Drying fast in broad daylight.
Now the hashish has created
A haven of light around
The event. The ensign remembers
Hearing Corporal Pruett ask,
"What will my mother say
When I tell her I shot a woman?
Should I tell her, Doc?
Do you think she can forgive me?"
Corporal Pruett confessed,
"I am changing.
Everyday I change.
Sometimes it seems
Like years in one day
From the things I have seen,
And heard and felt."
The ensign continues to sit alone
In the hazy Da Nang night.
If now he begins to understand the war,
It is the hash that allows him to weep.
It is still very dark outside
But the ensign is sure
He is weeping
In broad daylight.
It is the hash that allows him to weep.
by Contributing Poet Raymond Keen Copyright © 2013
VWP 2015 First published in Love Poems for Cannibals 2013
Grabass with China Beach Ball Here in a Sitdown:
On Point with the REMF
We've got it covered
Here in the rear,
'Caus we're in the place
You want to be.
Here in the rear we are aka
The rear-echelon motherfuckers.
Do you have a problem with that, bushman?
Here in the rear
The Hots in Officers' Mess are great.
Officers' Country offers us
Steak once per week,
Fried chicken twice.
No rice. We prefer baked potatoes,
Here in the rear.
Or french fries.
Not to mention
Our regular ration of
Boom-Boom with hootchgirls.
For you lifer grunts in the bush,
Sorry 'Bout That!
Get over it!
Fast and furious
'Caus we are the REMF.
Do you Roger that, bushman?
OFFICIAL CHORUS FROM THE PENTAGON
(LBJ, RSM, and other honchos
went to the backroom
to enjoy a good cigar):
"No bodies of women and children
Were found. No non-combatant KIA
Were identified."
Billy won the Silver Star.
Now he’s resting here with us.
Today, during police call
He found a VC head
On the beach
Just in time
For a guest appearance
In a scoshi game of
Volleyball
Or, better yet, some soccer.
On the beach.
(Here in the sitdown
We refer to gook gourds
As our China Beach balls.)
In other words,
It's time for a scoshi
Organized grabass.
It's either that
Or ghost time.
You bic, GI?
Are we tight on that?
'Caus we are the REMF.
Do you copy that, bushman?
OFFICIAL CHORUS FROM THE PENTAGON
(LBJ, RSM, and other higher-highers,
in the backroom agree):
"The rumors
Of burning villages,
Of leveling villages,
Are bogus scuttlebutt.
American soldiers don’t
Waste women and children."
"Never happen!" they say.
You copy that big brown
Stinking fucking lie, bushman?
'Caus LBJ, he swore on a bible, bushman?
Has LBJ got our fellow Americans
Squared away on that?
Well, what are you fighting for, bushman?
OFFICIAL CHORUS FROM LBJ
"There is a price to pay
In a just peace for all.
There is a price to pay
For peace at any price.
Remember the Mayflower.
The American flag
Is not just a rag
To shine your shoes on, Boy!"
"Tomorrow feels good!
Be proud of what we are doing over there!

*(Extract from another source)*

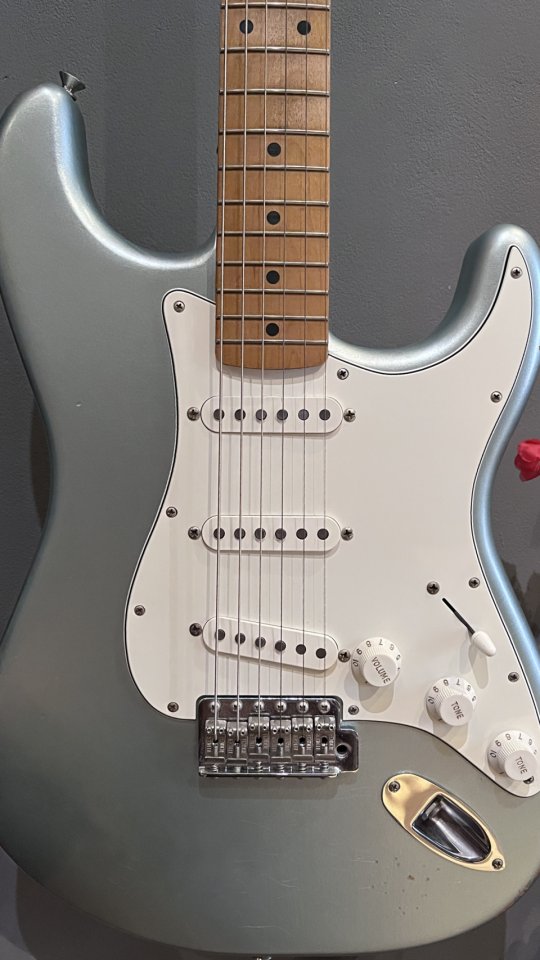 Fender Mischief Maker FSR Stratocaster de segunda mano · Foto 4 de 7 · Barcelona · 1150 €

We are moving. We are getting better every day!"
You bic, GI?
Are we tight on that?
'Caus we are the REMF.
Do you Roger that, bushman?
Do you have a problem with that, bushman?
Well, what are you fighting for, bushman?
Cut me a Hus, bushman.
Bushman! We can't let them get away with this bullshit!
by Contributing Poet Raymond Keen Copyright © 2013
VWP 2015 First published in Love Poems for Cannibals 2013
Shake 'n' Bake Ensign's Short-Timer Song
The Vietnam War is
Not dinky dau,
Not number 10.
'Caus I was lucky enough
To snap beaucoup pictures
For my color-slide collection!
That first slide there, that's me
With my Mother's Day Medal.
Number one! Outstanding!
Hootchgirl asks me,
"When you fini Vietnam, GI?"
I tell hootchgirl
This is my wake-up.
So how 'bout one last short-time
For this short-timer?
'Caus I am gung ho to didi mau.
Didi mau on that Freedom Bird
Back to the World.
Pan Am makes the going great!
Number one! Outstanding!
Hootchgirl asks me,
"When you fini Vietnam, GI?"
I tell hootchgirl
This is my wake-up.
So how 'bout one last short-time
for this short-timer?
'Caus I am gung ho to didi mau.
Didi mau on that Freedom Bird
Back to the World.
Pan Am makes the going great!
Number one! Outstanding!
The Vietnam War is
Not dinky dau,
Not number 10.
'Caus I was lucky enough
To snap beaucoup pictures
For my color-slide collection!
That first slide there, that's me
With my Mother's Day Medal.
Number one! Outstanding!
by Contributing Poet Raymond Keen Copyright © 2013
VWP 2015 First published in Love Poems for Cannibals 2013
Prosaic Nixon
Nixon said today
that history is going well.
"An end to the Vietnam war
is at hand," he stated.
It is reported that
he danced at all five
gala inaugural balls,
enjoying himself immensely.
He smiled broadly
and appeared at ease at the time.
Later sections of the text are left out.